### [Problem details]
Write the listing out again word for word. Pictures do not belong in the copy.

START Data below

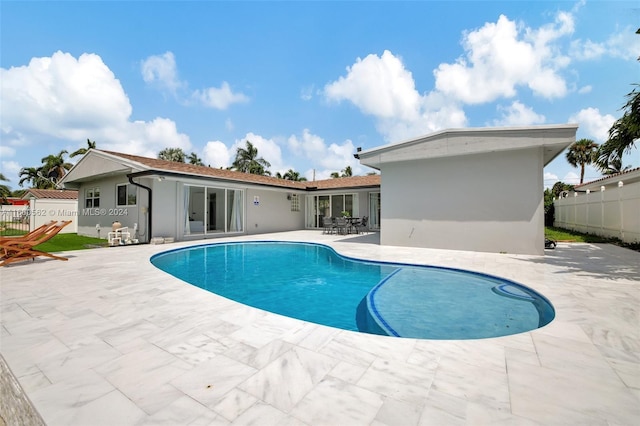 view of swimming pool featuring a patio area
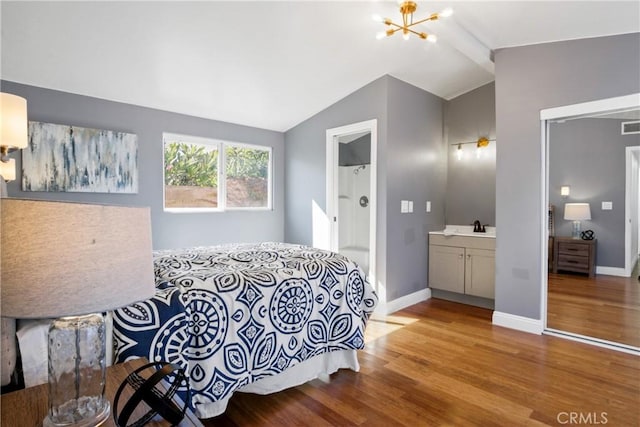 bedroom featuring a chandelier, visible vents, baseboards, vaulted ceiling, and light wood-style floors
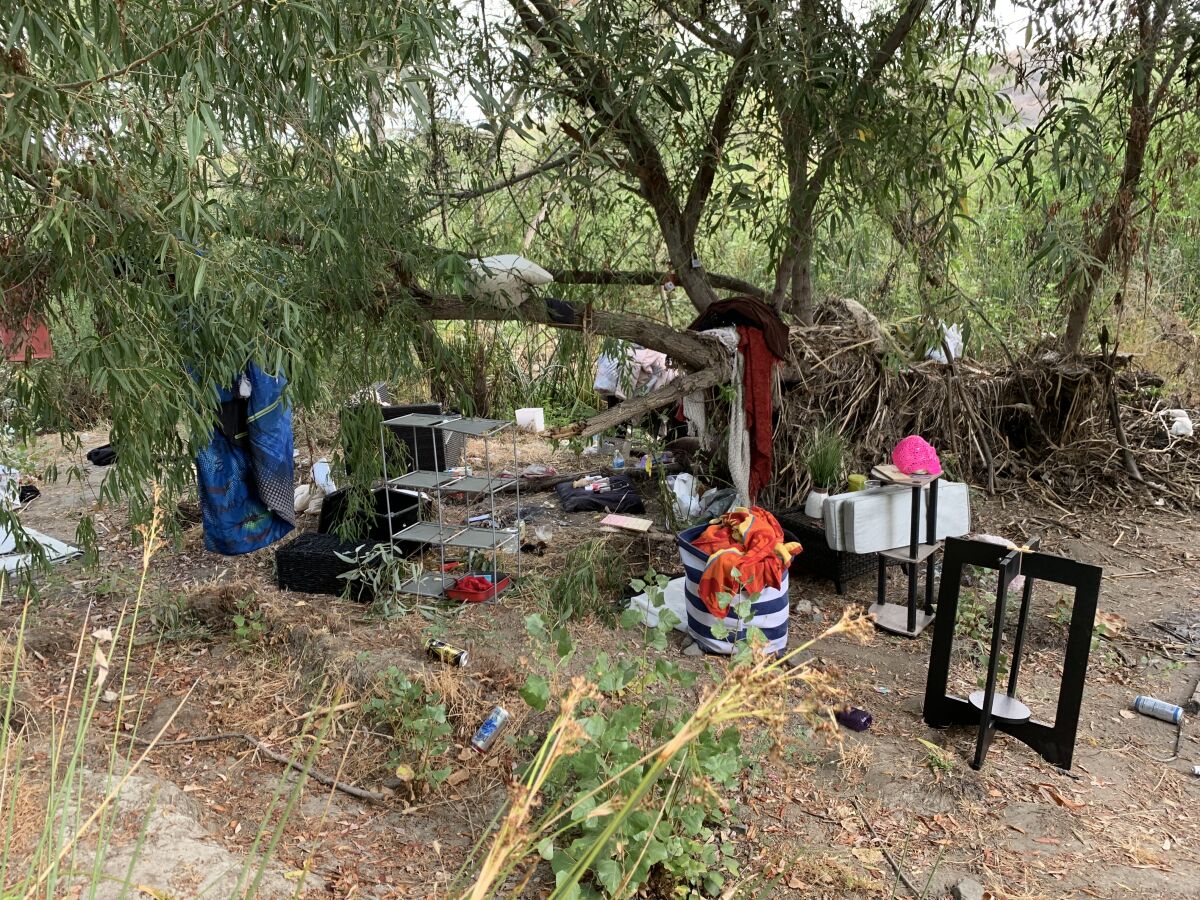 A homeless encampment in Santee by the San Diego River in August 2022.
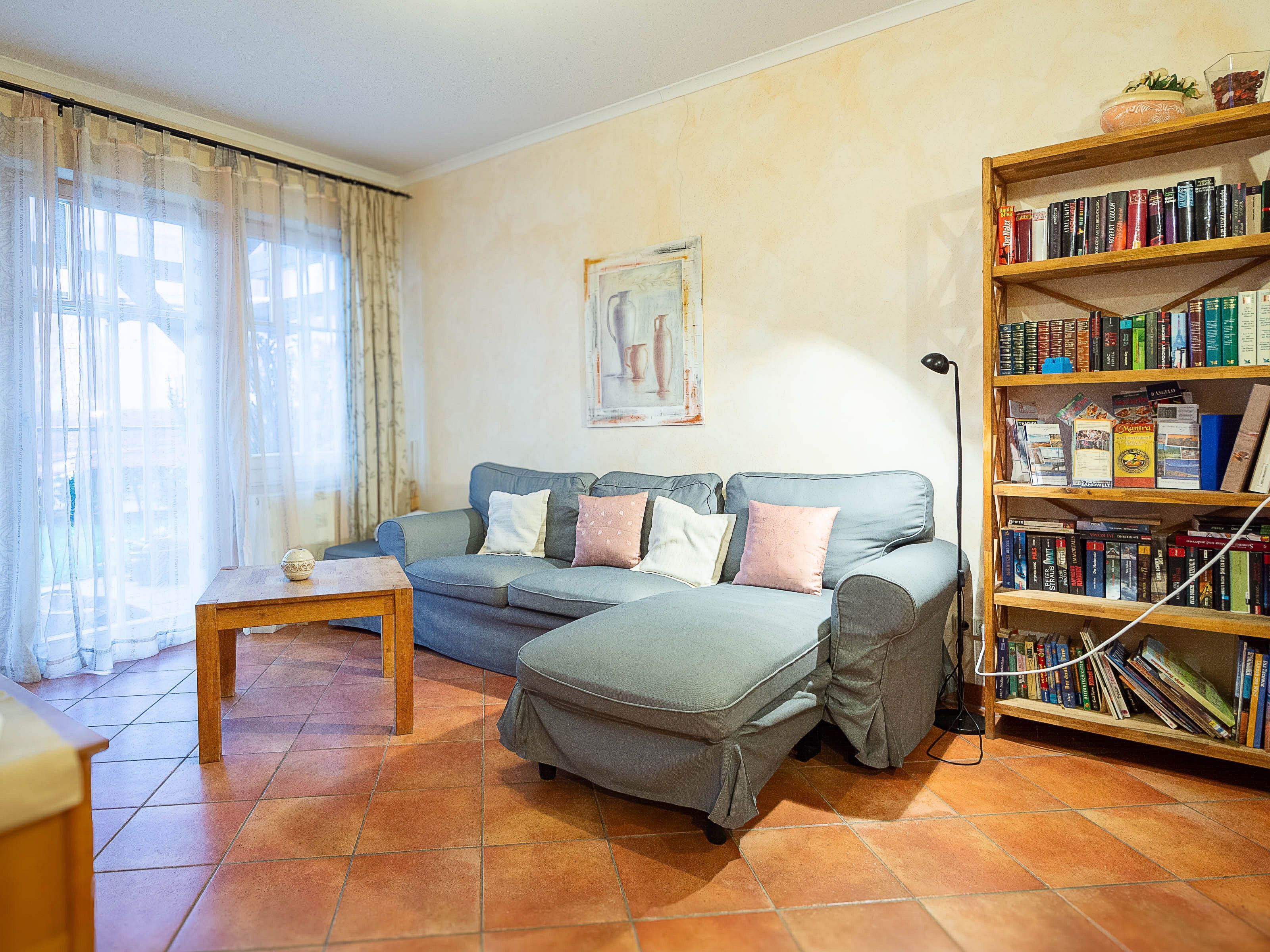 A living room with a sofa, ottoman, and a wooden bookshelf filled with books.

END Data below

### [Expected answer]
 view of swimming pool featuring a patio area
 bedroom featuring a chandelier, visible vents, baseboards, vaulted ceiling, and light wood-style floors
 A homeless encampment in Santee by the San Diego River in August 2022.
 A living room with a sofa, ottoman, and a wooden bookshelf filled with books.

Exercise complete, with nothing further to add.